| TRY IT |
Below are the records; return every line from the one that contains "Позашляховик / Кросовер" to the last, exactly, skipping the pictures.

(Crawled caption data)
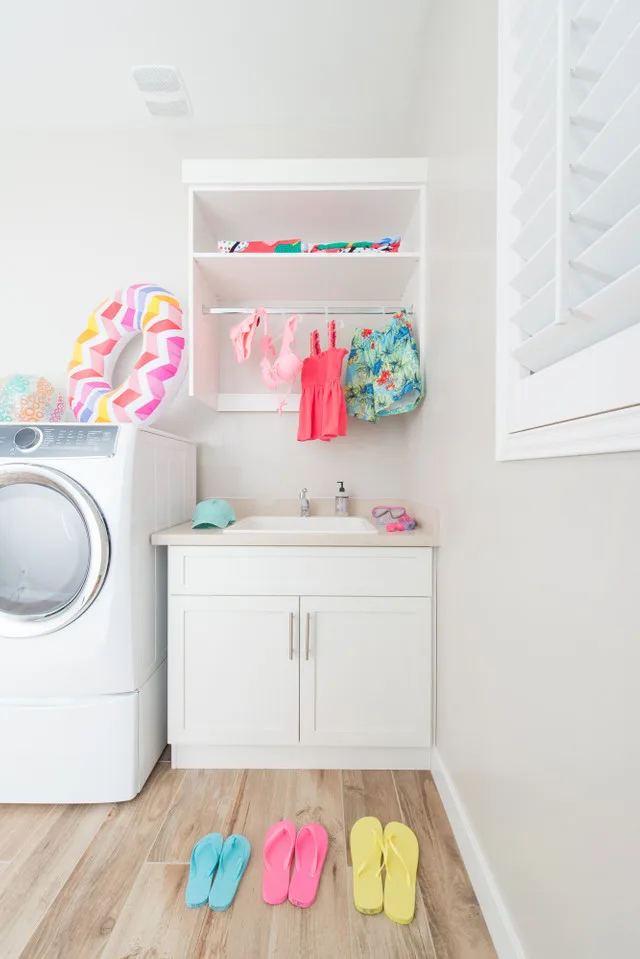 Laundry and Mudroom Spaces by Classy Closets - Photo 3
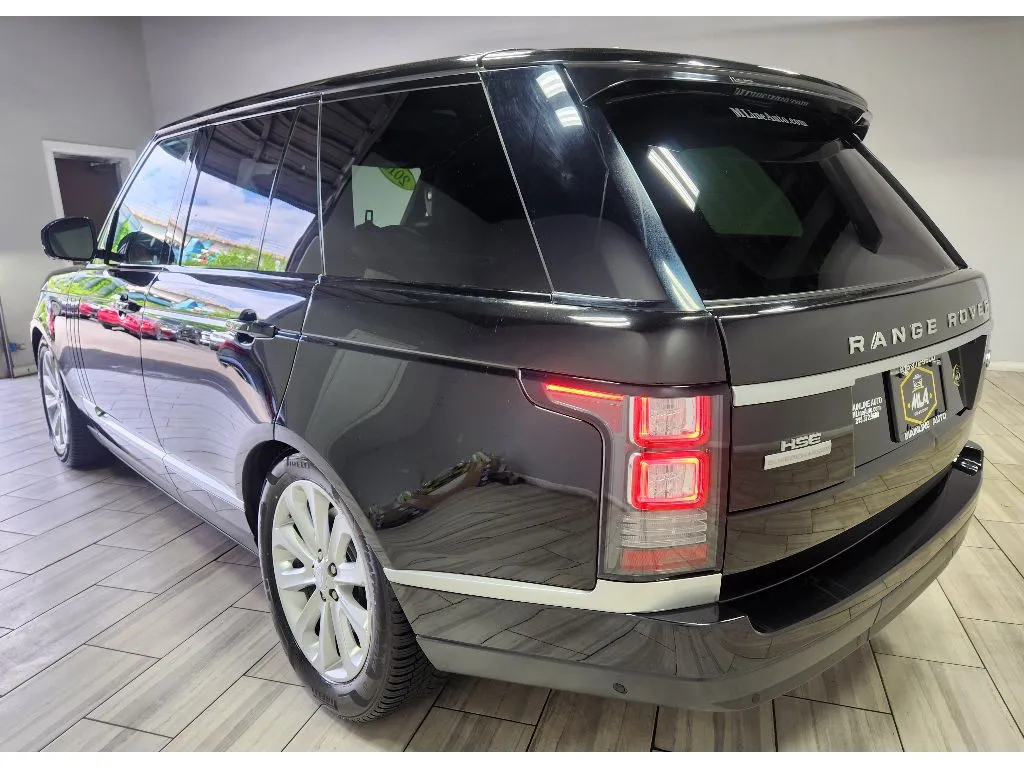 Another view of 2016 Land Rover Range Rover HSE for sale in Philadelphia, PA at Torresdale Ave
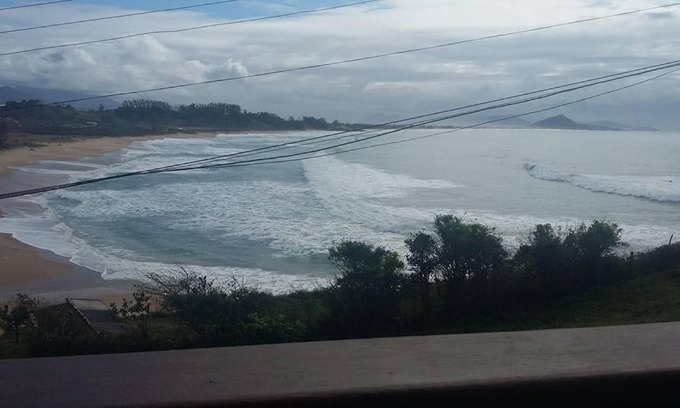 Gamboa Apartment | De frente para o Mar da Gamboa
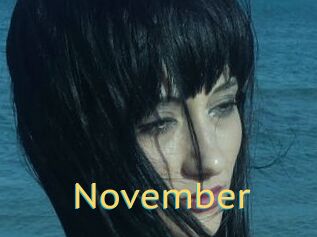 November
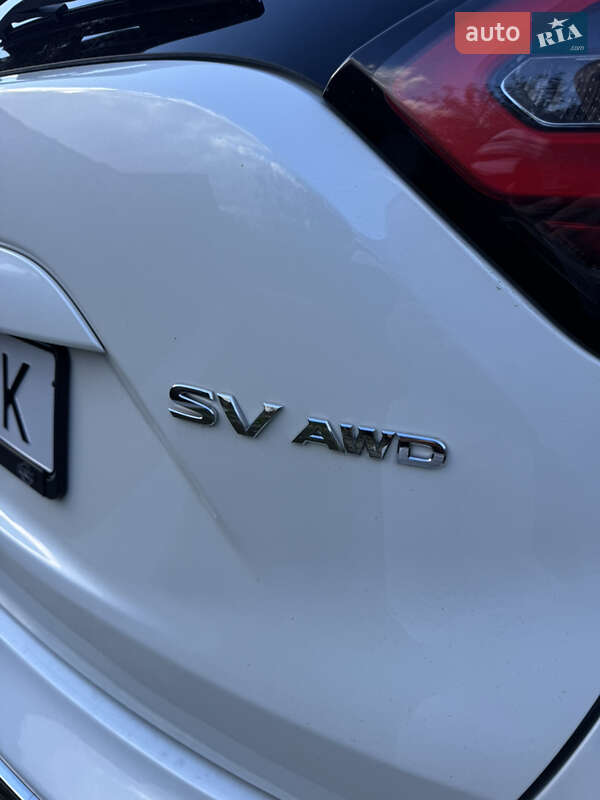 Позашляховик / Кросовер Nissan Murano 2019 в Полтаві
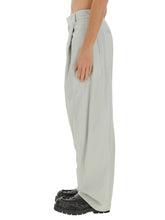 Load image into Gallery viewer, Bottega Veneta Men Silk And Cotton Pants
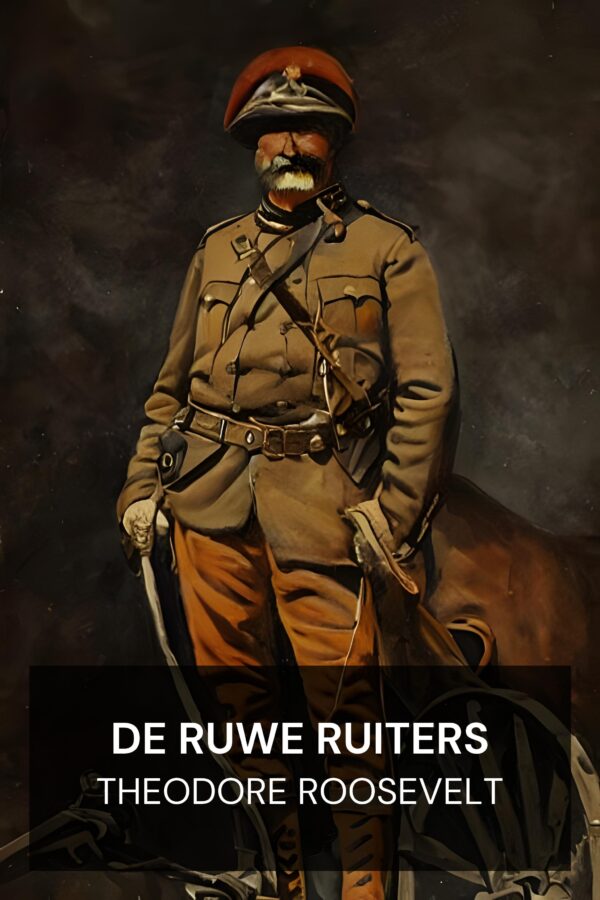 De Ruwe Ruiters - Theodore Roosevelt (The Rough Riders - Nederlands)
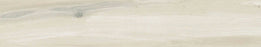 Full Tile Sample - Mood Wood White Porcelain Tile - 8" x 48" Matte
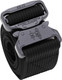 Ремень мужской Zubr Force FG Black 120/45 / 100528 (полиамид/черный) - 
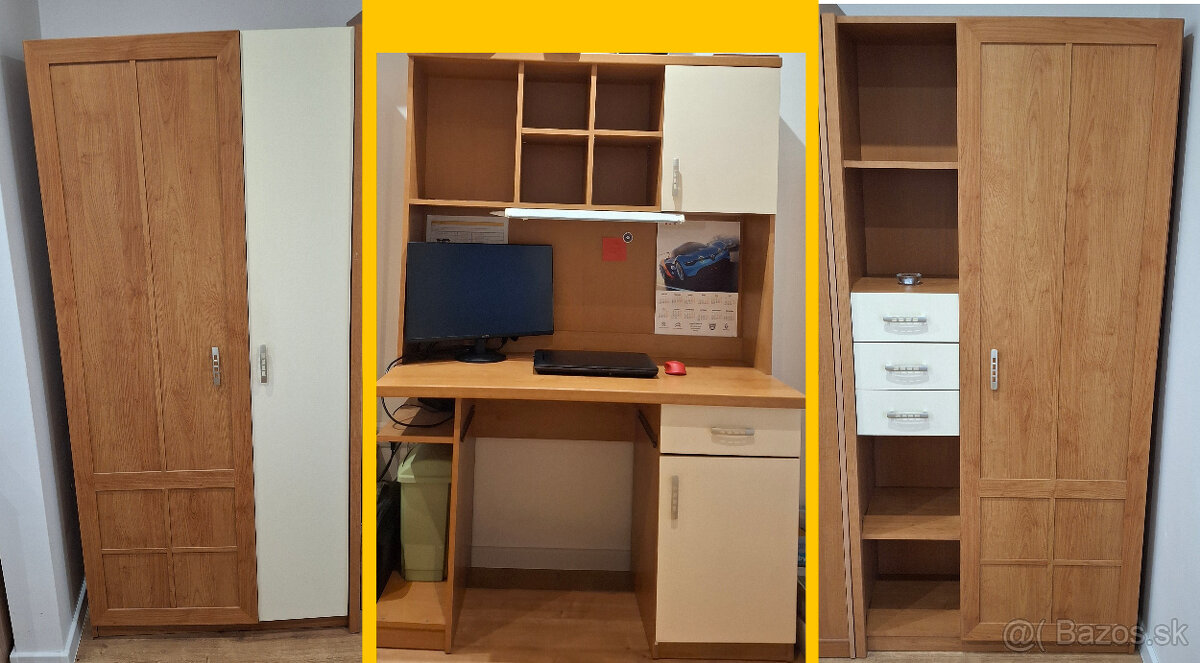 Študentská zostava do izby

| RESPONSE TO THE EXERCISE |
 Позашляховик / Кросовер Nissan Murano 2019 в Полтаві
 Load image into Gallery viewer, Bottega Veneta Men Silk And Cotton Pants
 De Ruwe Ruiters - Theodore Roosevelt (The Rough Riders - Nederlands)
 Full Tile Sample - Mood Wood White Porcelain Tile - 8" x 48" Matte
 Ремень мужской Zubr Force FG Black 120/45 / 100528 (полиамид/черный) - 
 Študentská zostava do izby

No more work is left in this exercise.